Carley, C. J., and Deen, P. J., concur in Divisions 1, 2, 4, 5, and in the judgment.

On Motion for Rehearing.

Appellee moves this court to reconsider Division 1 in light of Whelchel v. Thomas Ford Tractor, 190 Ga. App. 156 (378 SE2d 510) (1989). In Whelchel, as in the case sub judice, evidence of collateral benefits was improperly admitted and a verdict was returned in favor of the defendant. However, the trial court in Whelchel gave a charge limiting the jury’s discretionary consideration of the collateral source evidence to the question of damages. In the case sub judice, the trial court charged the jury that evidence of collateral benefits is admissible in evidence and that the jury in its discretion “may consider such available benefits or payments and the cost thereof arriving at your verdict, but [you are] not required or directed to reduce the amount of damages.” (Emphasis supplied.)

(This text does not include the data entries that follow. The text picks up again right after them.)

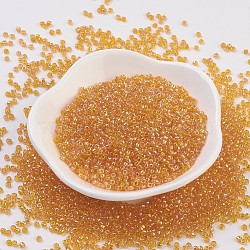 MGB Matsuno Glass Beads, Japanese Seed Beads, 12/0 Transparent Rainbow Glass Round Hole Seed Beads, Orange, 2x1.5mm, Hole: 0.8mm, about 1760pcs/20g(X-SEED-Q033-1.9mm-6R)
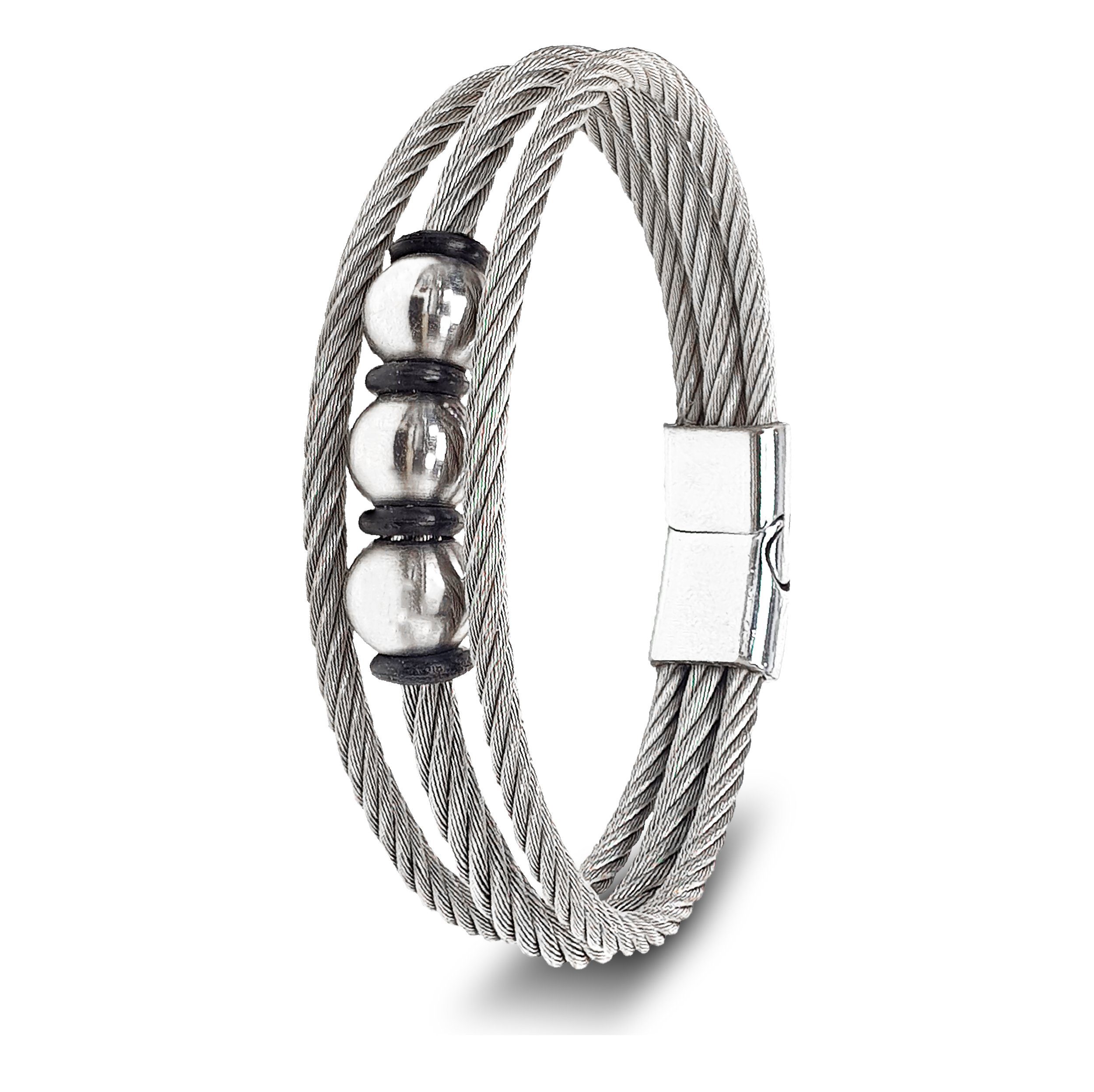 NAHLE Armband Edelstahl Perlenarmband Armschmuck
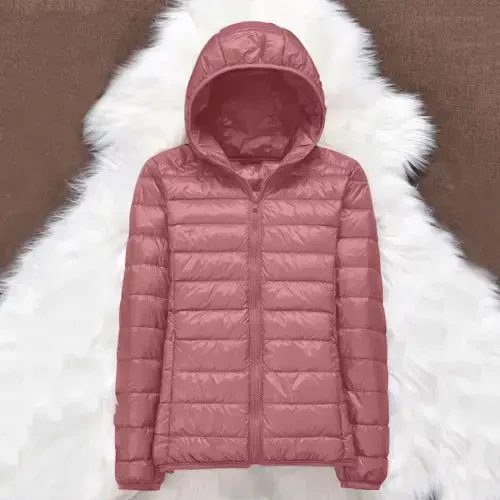 Keusn Women's Packable Down Jacket Lightweight Puffer Jacket Hooded Winter Coat Pink S - 4
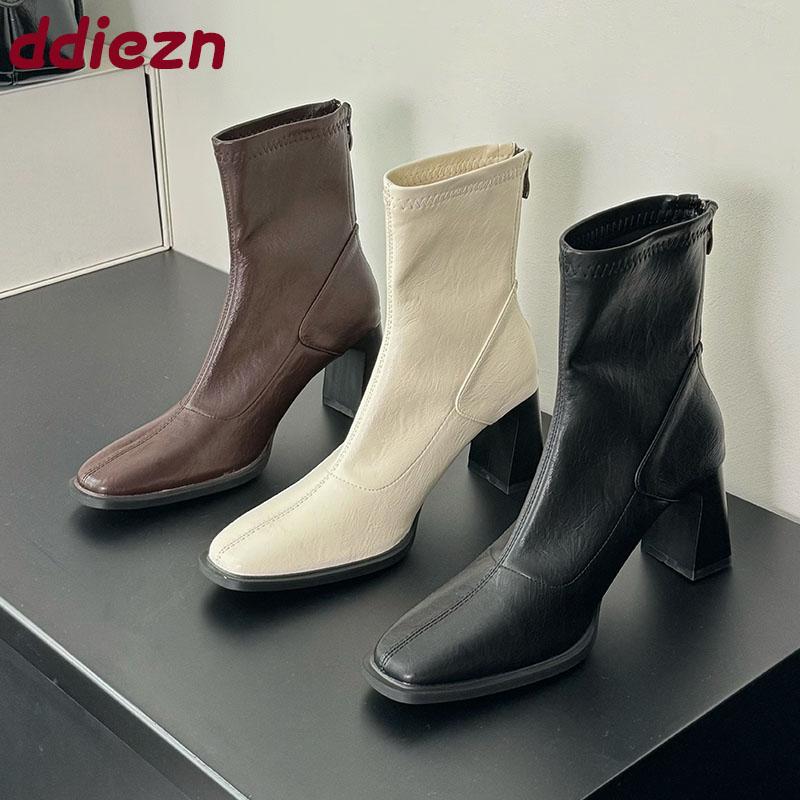 Fashion Female 6CM Heels Footwear Ladies Ankle Modern Boots Square Toe Fashion Zippers Women Stretch Short Boots Pumps Shoes New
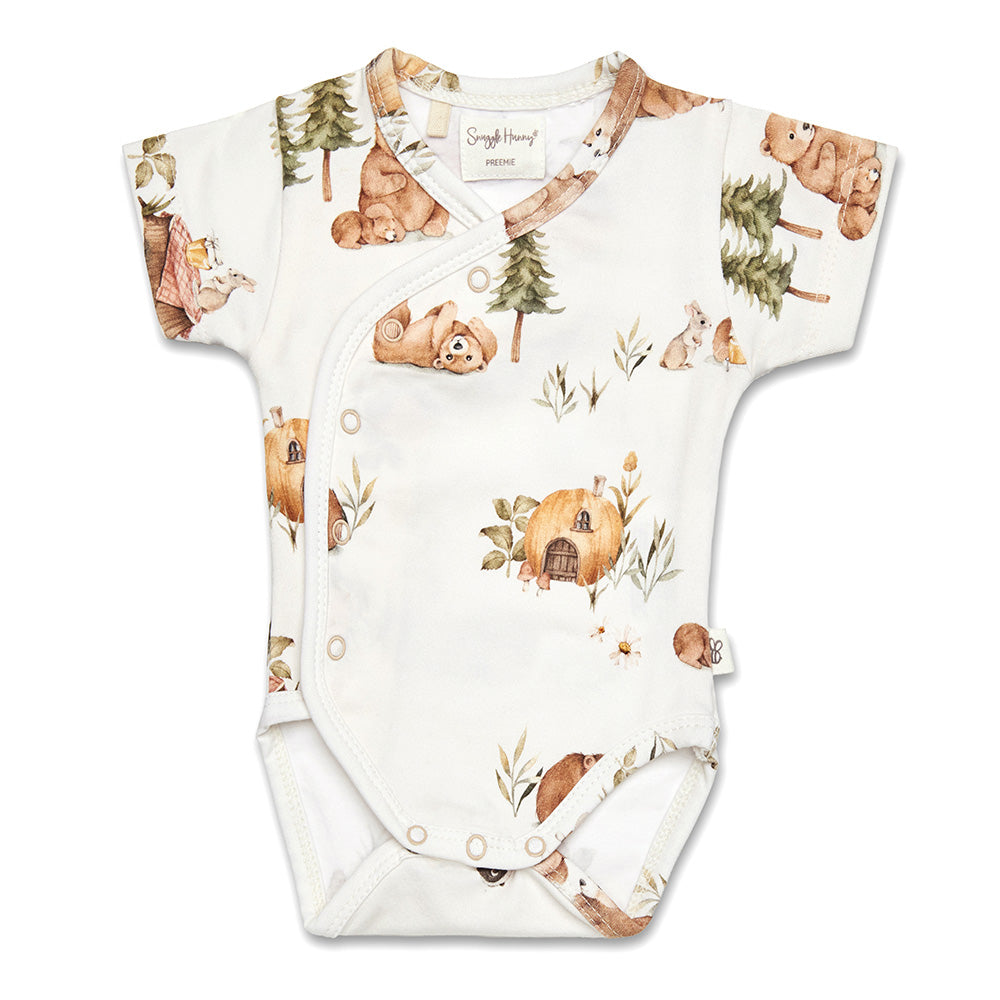 Snuggle Hunny Short Sleeve Organic Kimono Bodysuit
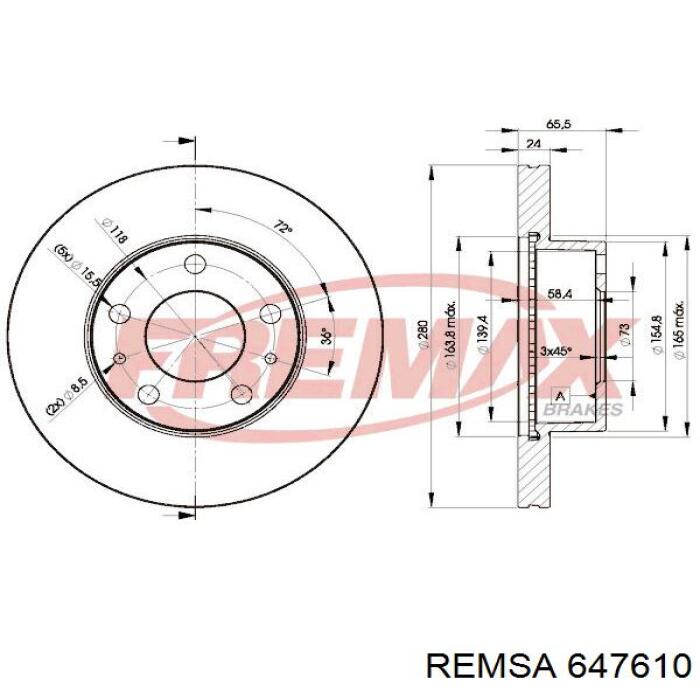 Купити 647610 Remsa Ротор гальмівний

Whelchel stands for the proposition that the improper admission of collateral source benefits is harmless error where the jury’s consideration of the evidence is restricted solely to the issue of damages and a verdict is returned in favor of the defendant, under cases like Maloy v. Dixon, 127 Ga. App. 151, 156, n. 2 (193 SE2d 19) (1972). Whelchel is thus inapposite to the case at bar where the charge as given did not *872deal solely with damages but authorized the jury to consider the improper evidence as it relates to the verdict, i.e., the issue of liability. Therefore, not only was the admission of evidence regarding appellant’s collateral benefits error here, see Kelley, supra, but that error was not rendered harmless by the charge given. See Mathis v. Watson, 259 Ga. 13 (376 SE2d 660) (1989).

Decided February 9, 1989 Rehearing denied March 23, 1989 Joe L. Anderson, for appellant. Hansell & Post, R. Matthew Martin, for appellee.